REQUIRED ACTION: Print out each entry below exactly; do not carry over any image.

MATERIAL SHOWN:
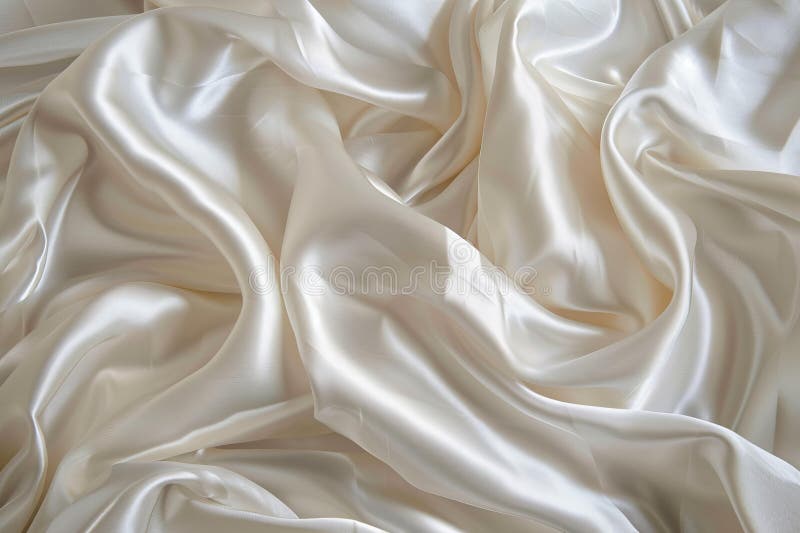 Smooth elegant white silk or satin fabric texture background with waves and delicate light stock illustration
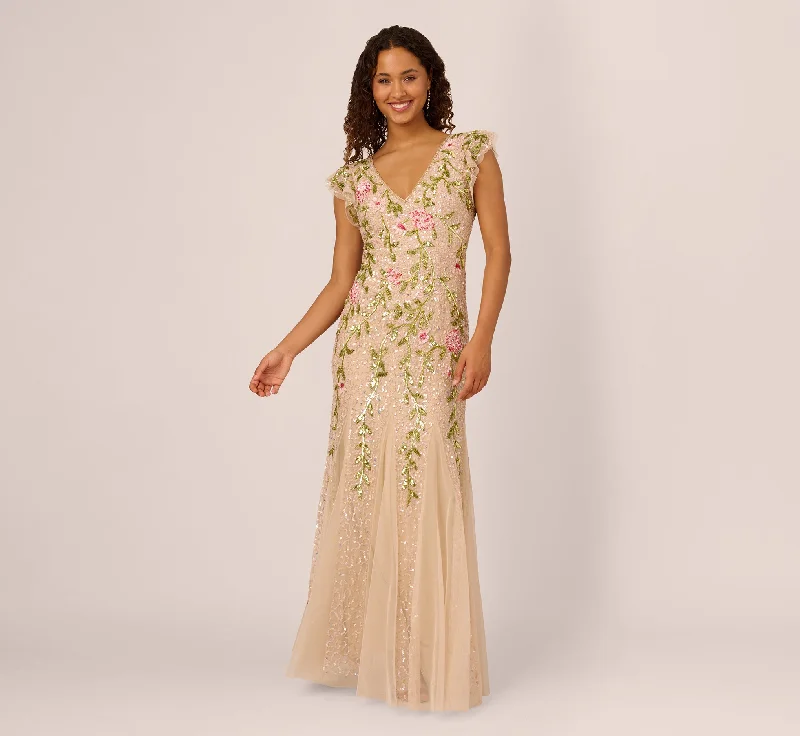 formal dresses with built-in bras for added support --Floral Beaded Mermaid Gown With Flutter Cap Sleeves In Light Champagne formal dresses with built-in bras for added support --Floral Beaded Mermaid Gown With Flutter Cap Sleeves In Light Champagne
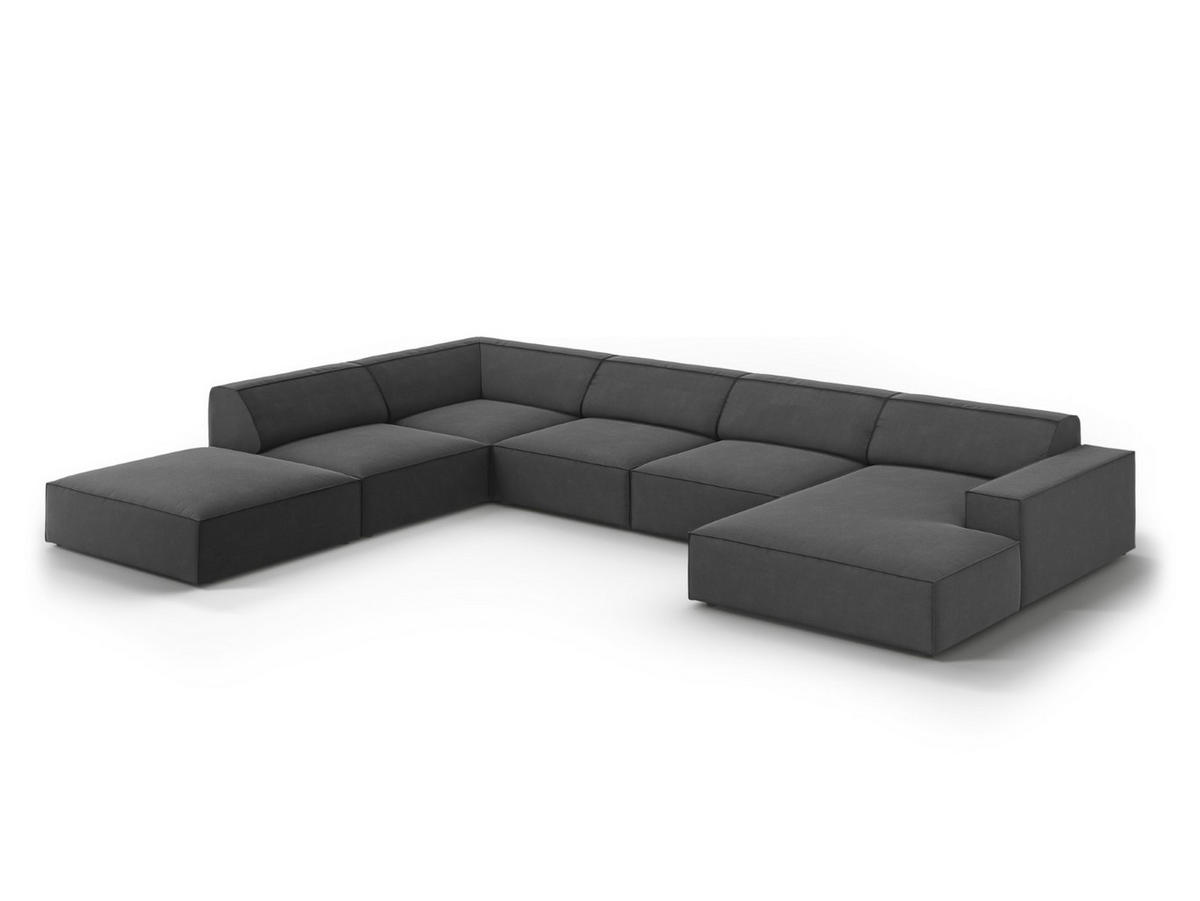 PANORAMASOFA links Jodie aus Samt grau 7 Sitzplätze - Grau, Textil (262/70/364cm) - Micadoni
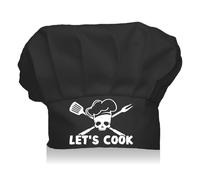 CREATCABIN Let's Cook Skull Chef Hat Adulte Réglable Élastique Baker Cuisine Traiteur Porter Chapeau Cuisine Personnalisé Coton Chef Casquette pour Femmes Hommes Griller Cuisson BBQ Noir 30x23cm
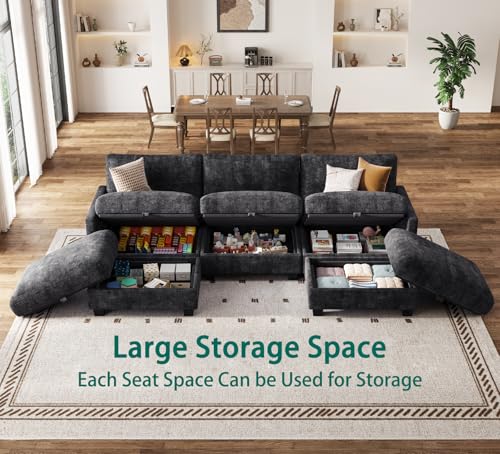 Image of Modular Sectional Sofa, 101 inch U Shaped Couch with Storage | High Resilience Foam, 22 inch Seat Depth, Movable Ottoman, Comfy Chenille, Easy Assembly, Black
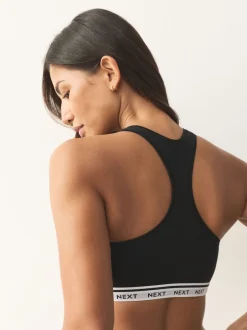 Next Noir/Noir/Gris/Blanc - Lot de 4 soutiens-gorge courts à logo en Coton Ultimate Comfort Discount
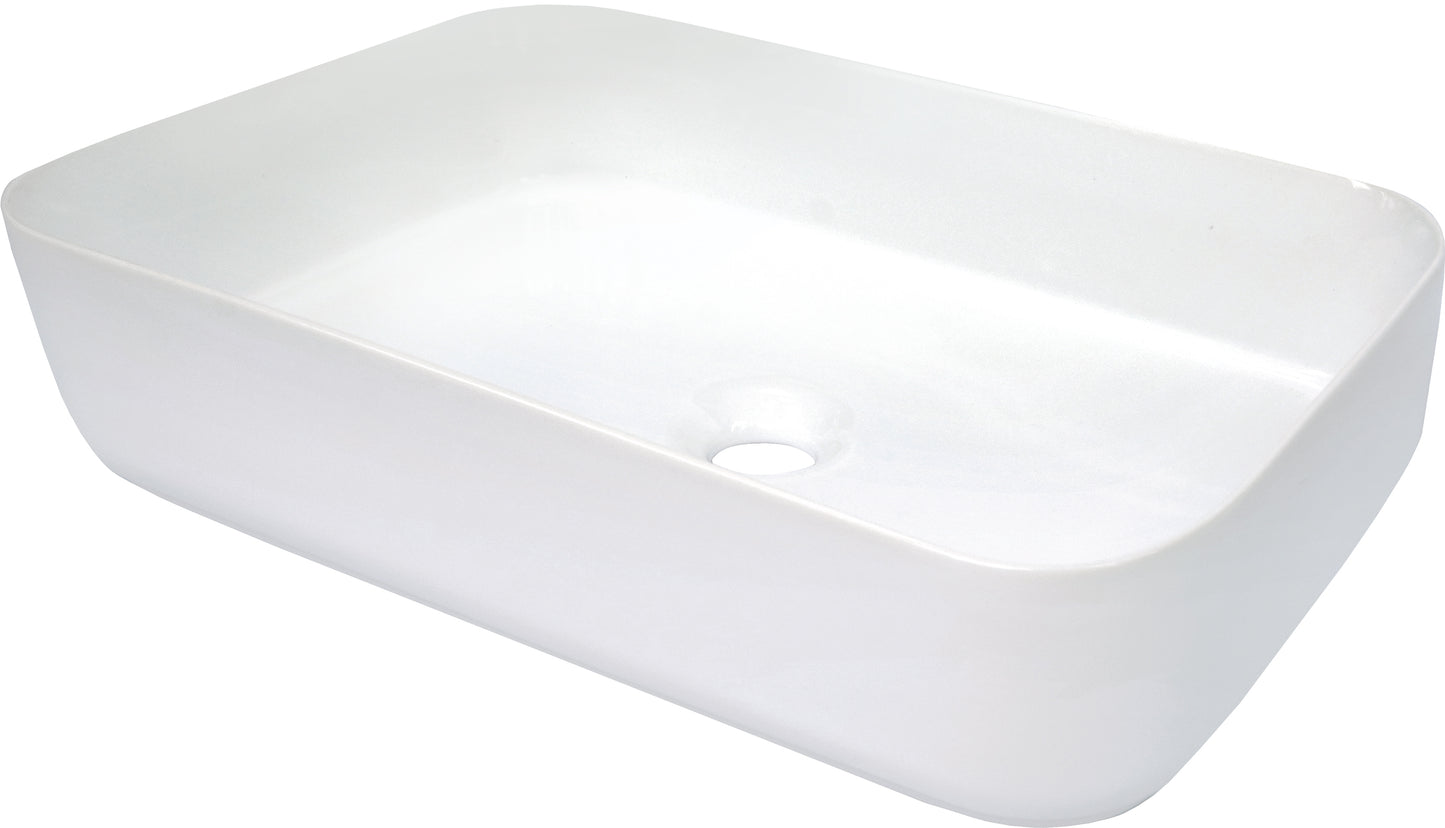 Deante HIACYNT Aufsatzwaschbecken Keramik rechteckig 50,5 x 36,5 cm Weiß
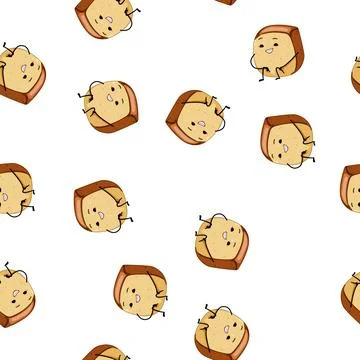 Pattern cookie bread character cartoon vector Stockillustratie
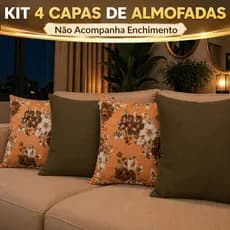 4 Capas Almofadas Decorativas 50x50 Sem Refil Luxo Modernas Estampadas Com Ziper Invisivel Lavavel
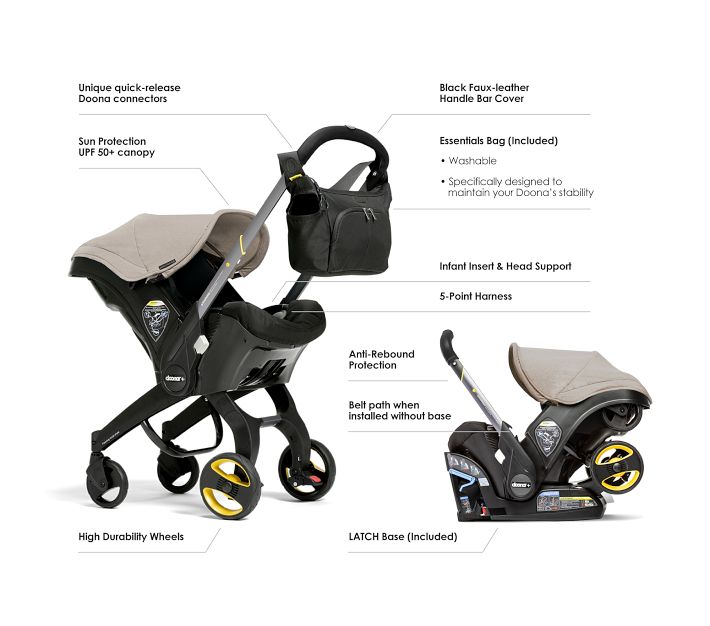 car seat with wheels and handle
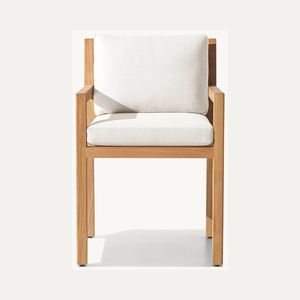 เก้าอี้นั่งทานอาหารไม้สักแข็งกลางแจ้งคุณภาพสูงแบบทันสมัยผ้ากันน้ำเป็นมิตรกับสิ่งแวดล้อมสำหรับใช้ในบ้านห้องนั่งเล่นในสวน - Product Image 3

WRITTEN REPLY:
 Smooth elegant white silk or satin fabric texture background with waves and delicate light stock illustration
 formal dresses with built-in bras for added support --Floral Beaded Mermaid Gown With Flutter Cap Sleeves In Light Champagne formal dresses with built-in bras for added support --Floral Beaded Mermaid Gown With Flutter Cap Sleeves In Light Champagne
 PANORAMASOFA links Jodie aus Samt grau 7 Sitzplätze - Grau, Textil (262/70/364cm) - Micadoni
 CREATCABIN Let's Cook Skull Chef Hat Adulte Réglable Élastique Baker Cuisine Traiteur Porter Chapeau Cuisine Personnalisé Coton Chef Casquette pour Femmes Hommes Griller Cuisson BBQ Noir 30x23cm
 Image of Modular Sectional Sofa, 101 inch U Shaped Couch with Storage | High Resilience Foam, 22 inch Seat Depth, Movable Ottoman, Comfy Chenille, Easy Assembly, Black
 Next Noir/Noir/Gris/Blanc - Lot de 4 soutiens-gorge courts à logo en Coton Ultimate Comfort Discount
 Deante HIACYNT Aufsatzwaschbecken Keramik rechteckig 50,5 x 36,5 cm Weiß
 Pattern cookie bread character cartoon vector Stockillustratie
 4 Capas Almofadas Decorativas 50x50 Sem Refil Luxo Modernas Estampadas Com Ziper Invisivel Lavavel
 car seat with wheels and handle
 เก้าอี้นั่งทานอาหารไม้สักแข็งกลางแจ้งคุณภาพสูงแบบทันสมัยผ้ากันน้ำเป็นมิตรกับสิ่งแวดล้อมสำหรับใช้ในบ้านห้องนั่งเล่นในสวน - Product Image 3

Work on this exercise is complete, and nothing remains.